A grandi linee:
La classica via normale a Cima Carega d'estate si riempie di turisti e camminatori di ogni risma che vogliono toccare, in poco tempo, la cima del gruppo. D'inverno essa diventa invece una bella salita in un ambiente completamente svuotato dalla presenza umana, eccezion fatta per i gestori del Rifugio Revolto e del Rifugio Pertica (nei week-end). Solo pochi temerari che vogliono affacciarsi anche con la coltre bianca, dallo splendido balcone del Rifugio Fraccaroli, ad un passo dalla Cima, sanno apprezzare le bellezze invernali di queste montagne. Il sentiero, in quanto via più frequentata, con la neve rimane comunque fattibile sebbene cambi il percorso a seconda della stagione.
Tempi:
Dal Rifugio Revolto, unendo la parte di rotabile da percorrere prima dell'attacco, 2 ore e 30 minuti circa.
Difficoltà:
Il sentiero si può valutare E, escursionistico, benchè d'inverno diventa difficile l'orientamento.
Dislivello:
924 metri dal Rifugio Revolto
Come raggiungerlo:
Da Verona seguire per la Val d'Illasi e percorrerla tutta fino a Giazza, da dove comincia la strada ad apertura stagionale. Con tortuose svolte e numerosi tornanti si arriva infine al Rifugio Revolto, parcheggi laterali alla strada.
Descrizione:
Si percorre un buon tratto della rotabile Revolto-Scalorbi qui descritta. Ad un certo punto sulla sinistra si stacca, ben segnato, il sentiero 108B ovvero del Vallon della Teleferica. Si sale per un breve tratto in maniera decisa, dopodichè la via rimane in costa in mezzo ai mughi seguendo, in leggera salita, la strada sottostante fino ad una bella radura dove la salita si fa risentire ed il sentiero piega in maniera decisa verso la montagna.
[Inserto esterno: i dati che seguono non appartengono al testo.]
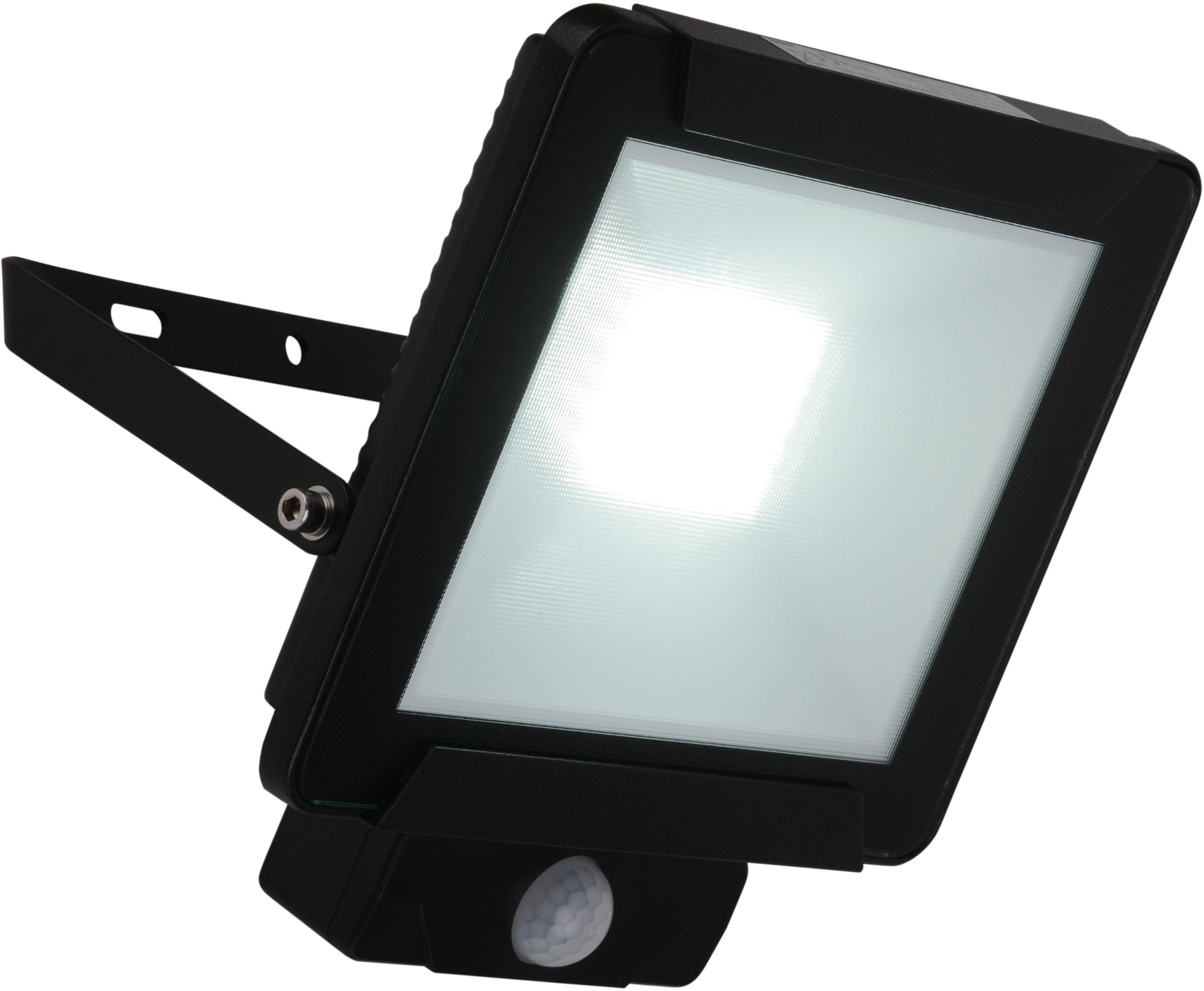 näve LED Außen-Wandleuchte »Radia«, Leuchtmittel LED-Board | LED fest integriert, Zeiteinstellung, incl. Sensor/Bewegungsmelder, Lichteinstellung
Con qualche svolta in mezzo a collinette mugose, si giunge ad un chiaro "ometto". Da qui, in base alla mia esperienza, si può procedere in 2 modi.
ESTIVO: seguite il segnavia e proseguite in costante salita lungo il pendio fino ad un tornante che riprenderà la direzione del vallone, abbandonando la traccia di collegamento al sentiero 108, Via delle Creste. Sempre stando in costa, il sentiero sale con qualche curva verso l'evidente conca che ospita i pali dell'antica teleferica: l'ultimo strappo con dei decisi tornanti e si arriva al Rifugio Fraccaroli.
INVERNALE: dall'ometto, tagliate a destra e cercate di guadagnare, in maniera piuttosto soggettiva, il centro della larga valle dovi ci troviamo; usate come riferimento gli antichi piloni della vecchia teleferica che si vedono poco più in alto. Giunti circa al centro, seguite sempre il fondo: si supera un primo forte dislivello tramite un canalone, dopodichè, arrivati al primo pilone, seguite, adesso in maniera più semplice in quanto molto più stretto, il centro del Vallon fino al secondo pilone. Da qui la via si fa ovvia e puntate diretti in direzione del Rifugio Fraccaroli e, tramite il canalone finale molto inclinato, pervenite al suddetto.
VARIANTE INVERNALE (con poca neve): dall'ometto potete tagliare a destra ma salire a sinistra lungo l'inclinato pendio in modo da guadagnare il versante senza seguire il fondo. Con molta prudenza, rimanete in costa seguendo quello che rimane del sentiero estivo e trovarvi al centro del canalone solo al termine.
Come proseguire:
La salita a Cima Carega, gli ultimi 40 metri, è d'obbligo. Per il ritorno potete scegliere la stessa o scendere per l'incerto Vallon di Campobrun, facendo molta attenzione alla scoscesa parte iniziale.